Found a few of these lids.  Anyone have a use date?


----------



## JGUIS

Nothing?  How 'bout a value?


----------



## JGUIS

They were all in the same hole, but no jars.


----------



## bobclay

These went on a WHITE CROWN MASON jar, and required a gold metal band to secure them. Value would be small unless someone had the jar and needed the correct insert(s). Redbook 9 listing #2961.

 Bob Clay


----------



## JGUIS

Thanks Bob.  When did they stop manufacturing them?


----------



## bobclay

I can't say for sure how long they were made or used, there were several other company's that also had patented 2 piece lids.

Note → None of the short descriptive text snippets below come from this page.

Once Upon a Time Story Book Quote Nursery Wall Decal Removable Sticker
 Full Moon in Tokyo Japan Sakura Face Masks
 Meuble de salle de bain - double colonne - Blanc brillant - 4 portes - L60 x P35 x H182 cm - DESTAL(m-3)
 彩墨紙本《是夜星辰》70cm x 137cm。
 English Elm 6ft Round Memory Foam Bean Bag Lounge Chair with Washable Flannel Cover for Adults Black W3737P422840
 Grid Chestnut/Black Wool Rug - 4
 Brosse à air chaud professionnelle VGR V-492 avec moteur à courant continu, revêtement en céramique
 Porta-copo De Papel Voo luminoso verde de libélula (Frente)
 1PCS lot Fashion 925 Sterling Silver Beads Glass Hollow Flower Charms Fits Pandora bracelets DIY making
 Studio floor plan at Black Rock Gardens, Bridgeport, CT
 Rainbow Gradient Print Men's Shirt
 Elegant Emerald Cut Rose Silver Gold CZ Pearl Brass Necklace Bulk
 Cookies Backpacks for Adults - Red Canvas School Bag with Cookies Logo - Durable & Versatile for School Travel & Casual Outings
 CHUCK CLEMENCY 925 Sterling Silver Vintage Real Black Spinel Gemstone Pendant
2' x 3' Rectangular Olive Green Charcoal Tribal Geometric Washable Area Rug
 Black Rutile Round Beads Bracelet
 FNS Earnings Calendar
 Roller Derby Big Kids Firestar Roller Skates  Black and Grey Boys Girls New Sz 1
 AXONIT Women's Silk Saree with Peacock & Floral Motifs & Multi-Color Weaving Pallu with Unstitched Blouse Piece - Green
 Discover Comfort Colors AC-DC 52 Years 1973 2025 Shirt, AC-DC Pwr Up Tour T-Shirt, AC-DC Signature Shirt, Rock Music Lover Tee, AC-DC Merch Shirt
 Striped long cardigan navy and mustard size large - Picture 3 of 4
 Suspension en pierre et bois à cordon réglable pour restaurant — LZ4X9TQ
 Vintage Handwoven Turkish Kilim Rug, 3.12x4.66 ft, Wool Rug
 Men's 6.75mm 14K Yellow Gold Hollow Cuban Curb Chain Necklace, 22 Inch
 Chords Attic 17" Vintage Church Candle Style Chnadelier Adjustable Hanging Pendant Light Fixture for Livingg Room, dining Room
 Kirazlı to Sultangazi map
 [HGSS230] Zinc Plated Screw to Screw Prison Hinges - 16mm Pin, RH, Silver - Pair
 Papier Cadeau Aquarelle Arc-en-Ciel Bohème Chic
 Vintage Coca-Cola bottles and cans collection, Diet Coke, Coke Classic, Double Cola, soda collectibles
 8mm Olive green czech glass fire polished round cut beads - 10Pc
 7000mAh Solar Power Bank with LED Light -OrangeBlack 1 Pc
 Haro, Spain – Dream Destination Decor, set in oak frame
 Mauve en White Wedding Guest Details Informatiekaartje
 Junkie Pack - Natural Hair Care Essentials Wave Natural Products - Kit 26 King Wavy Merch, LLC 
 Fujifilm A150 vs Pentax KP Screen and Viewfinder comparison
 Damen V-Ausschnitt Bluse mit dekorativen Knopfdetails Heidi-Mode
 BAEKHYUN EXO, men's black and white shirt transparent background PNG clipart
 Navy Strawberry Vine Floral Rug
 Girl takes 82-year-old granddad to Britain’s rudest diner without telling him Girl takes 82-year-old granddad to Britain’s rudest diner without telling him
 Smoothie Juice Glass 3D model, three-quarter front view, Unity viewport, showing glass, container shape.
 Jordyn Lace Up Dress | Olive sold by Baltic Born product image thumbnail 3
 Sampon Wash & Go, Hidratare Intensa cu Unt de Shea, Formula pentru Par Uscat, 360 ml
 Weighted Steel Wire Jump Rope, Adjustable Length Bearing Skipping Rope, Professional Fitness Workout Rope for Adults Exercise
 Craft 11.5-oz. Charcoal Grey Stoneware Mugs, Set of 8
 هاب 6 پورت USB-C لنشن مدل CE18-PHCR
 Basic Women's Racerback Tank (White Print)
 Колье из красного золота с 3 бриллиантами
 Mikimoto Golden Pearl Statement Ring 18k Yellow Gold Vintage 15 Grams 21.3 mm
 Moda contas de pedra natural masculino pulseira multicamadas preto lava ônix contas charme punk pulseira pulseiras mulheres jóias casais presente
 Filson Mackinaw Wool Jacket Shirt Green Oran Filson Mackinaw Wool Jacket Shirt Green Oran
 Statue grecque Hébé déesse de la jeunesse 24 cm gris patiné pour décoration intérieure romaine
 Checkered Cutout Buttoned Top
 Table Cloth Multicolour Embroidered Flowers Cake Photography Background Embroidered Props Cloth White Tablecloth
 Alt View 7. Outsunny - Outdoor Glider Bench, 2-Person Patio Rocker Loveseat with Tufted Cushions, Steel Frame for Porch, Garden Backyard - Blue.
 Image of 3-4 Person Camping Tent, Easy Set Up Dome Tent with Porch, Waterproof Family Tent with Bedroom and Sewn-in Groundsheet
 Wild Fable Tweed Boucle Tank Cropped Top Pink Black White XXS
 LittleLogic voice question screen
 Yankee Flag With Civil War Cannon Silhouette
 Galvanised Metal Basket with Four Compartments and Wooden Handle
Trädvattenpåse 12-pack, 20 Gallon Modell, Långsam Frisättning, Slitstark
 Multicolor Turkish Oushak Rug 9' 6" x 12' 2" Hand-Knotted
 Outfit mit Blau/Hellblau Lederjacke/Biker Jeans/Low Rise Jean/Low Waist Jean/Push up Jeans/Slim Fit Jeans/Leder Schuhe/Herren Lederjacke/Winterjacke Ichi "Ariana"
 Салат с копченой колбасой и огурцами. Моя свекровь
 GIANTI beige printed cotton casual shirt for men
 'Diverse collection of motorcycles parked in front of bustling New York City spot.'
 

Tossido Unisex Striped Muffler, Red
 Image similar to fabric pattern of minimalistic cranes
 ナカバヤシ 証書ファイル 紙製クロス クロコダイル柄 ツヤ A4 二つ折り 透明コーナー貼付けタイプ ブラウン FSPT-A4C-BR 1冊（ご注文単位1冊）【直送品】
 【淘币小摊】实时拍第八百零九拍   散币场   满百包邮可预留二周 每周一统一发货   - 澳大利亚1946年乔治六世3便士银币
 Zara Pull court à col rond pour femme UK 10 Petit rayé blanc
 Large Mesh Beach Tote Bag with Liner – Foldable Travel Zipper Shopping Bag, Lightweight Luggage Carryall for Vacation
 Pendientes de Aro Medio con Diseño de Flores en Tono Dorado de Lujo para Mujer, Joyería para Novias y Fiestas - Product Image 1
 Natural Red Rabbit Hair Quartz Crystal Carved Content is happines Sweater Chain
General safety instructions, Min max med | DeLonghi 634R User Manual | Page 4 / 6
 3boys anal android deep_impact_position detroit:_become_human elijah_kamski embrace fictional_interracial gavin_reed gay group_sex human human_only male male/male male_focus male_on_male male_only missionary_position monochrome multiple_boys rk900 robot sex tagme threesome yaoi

The WHITE CROWN jars aren't real common, so I'd have to say they weren't made for many years.

 Someone that has Dick Roller's book, The STANDARD FRUIT JAR REFERENCE (I sold my copy on ebay) could tell you what years the company was in operation. (jarsnstuff?)

 Bob Clay


----------



## jarsnstuff

According to the Standard Reference, White Crown Mason jars were manufactured between 1914 and 1918 by Keeran-Funk & Co. and/or Pickrell & Craig Co. - locations listed as Bloomington IL and Louisville KY.  White Crown closures may have been manufactured by these and other companies and were sold as replacement closures for other smooth lip jars as well.  (That's why there are way more of these lids than there are jars!) This  was one of the first jar closures that sealed on the smooth lip of the jar.  -Tammy


----------



## JGUIS

Thank you very much.  I wonder why they patened it 4 years before manufacture, isn't that kinda long for back then?  Is $2 each too much?  Someone wants them and I don't want to rip them or me off.


----------



## jarsnstuff

In those days it wasn't unusual to see the manufacturing delayed after the patent was obtained.  It probably took a while to get manufacturing underway.  White Crown jars aren't real expensive, there are plenty of the milk glass lids out there, and you still need the screw band to complete the closure, so I'd say a buck apiece would be fair all around.  -Tammy


----------



## JGUIS

Alrighty then.  Thank you very much.


----------